L'enquête, qui a occupé l'actualité tout au long de l'année dernière, s'est accélérée après les allégations avancées par Aziz İhsan Aktaş ; de nombreuses opérations avaient été menées, notamment en raison d'accusations d'irrégularités dans les appels d'offres des municipalités dirigées par le CHP. Au cours de ce processus, certains maires avaient été suspendus de leurs fonctions et arrêtés.
Dans le dossier transmis au tribunal, 200 personnes au total seront jugées sur la base d'un acte d'accusation de 578 pages. Contre Aziz İhsan Aktaş, qualifié de chef de l'organisation criminelle, une peine totale allant jusqu'à 704 ans de prison est requise pour corruption, faux, escroquerie et blanchiment d'argent.
Bénéficiant des dispositions sur le repentir actif, Aktaş avait nié les accusations lors de sa première déposition. Par la suite, il a eu recours aux dispositions sur le repentir actif et a avancé de nombreuses allégations.
RIZA AKPOLAT ENCOURT JUSQU'À 337 ANS DE PRISON
Selon l'acte d'accusation, une peine allant jusqu'à 337 ans de prison est requise contre le maire de Beşiktaş, Rıza Akpolat, actuellement en détention, pour huit chefs d'accusation distincts, dont « entrave à la liberté des appels d'offres » et « corruption ». Le maire de la municipalité métropolitaine d'Adana, Zeydan Karalar, la maire de Seyhan, Oya Tekin, et le maire de Ceyhan, Kadir Aydar, figurent parmi les personnes jugées sans détention. Par ailleurs, une peine allant jusqu'à 12 ans de prison est requise contre le maire d'Adıyaman, Abdurrahman Tutdere, pour des accusations de corruption.

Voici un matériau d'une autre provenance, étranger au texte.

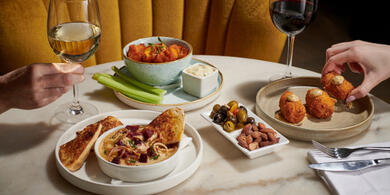 Two meals served with red an white wine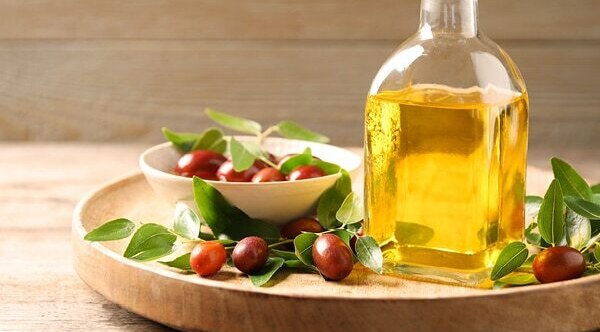 #9 Oil for hair thickening: Castor oil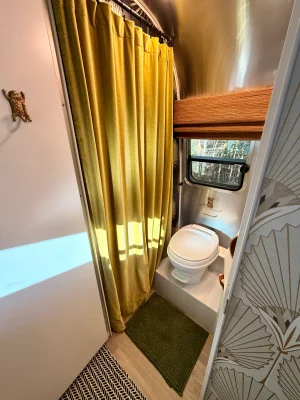 2021 AIRSTREAM BAMBI photo 6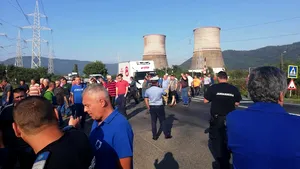 Protest la Termocentrala Mintia. Oamenii ameninţă că vor bloca un drum 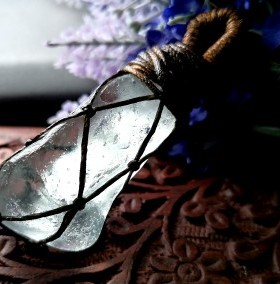 原石手工编织腊绳吊坠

Les accusations portées contre le maire d'Avcılar, Utku Caner Çaykara, prévoient jusqu'à 15 ans de prison, tandis que les réquisitions contre le maire d'Esenyurt, Ahmet Özer, vont jusqu'à 9 ans. Certains maires suspendus de leurs fonctions ont été libérés suite à l'acceptation de l'acte d'accusation par le tribunal.
L'acte d'accusation soutient qu'à partir de 2020, Aktaş a mené des activités organisées dans le cadre de divers appels d'offres concernant la municipalité métropolitaine d'Istanbul et de nombreuses municipalités de district, et que son organisation a tiré des avantages financiers importants au cours de ce processus. Il a également été indiqué que, selon les allégations, des facilités en matière de véhicules et de ressources financières auraient été fournies à certaines municipalités du CHP.
Le procès, qui débutera dans la salle d'audience située en face de la prison de Silivri, continuera d'occuper le devant de la scène publique avec la participation d'un grand nombre d'accusés et d'avocats.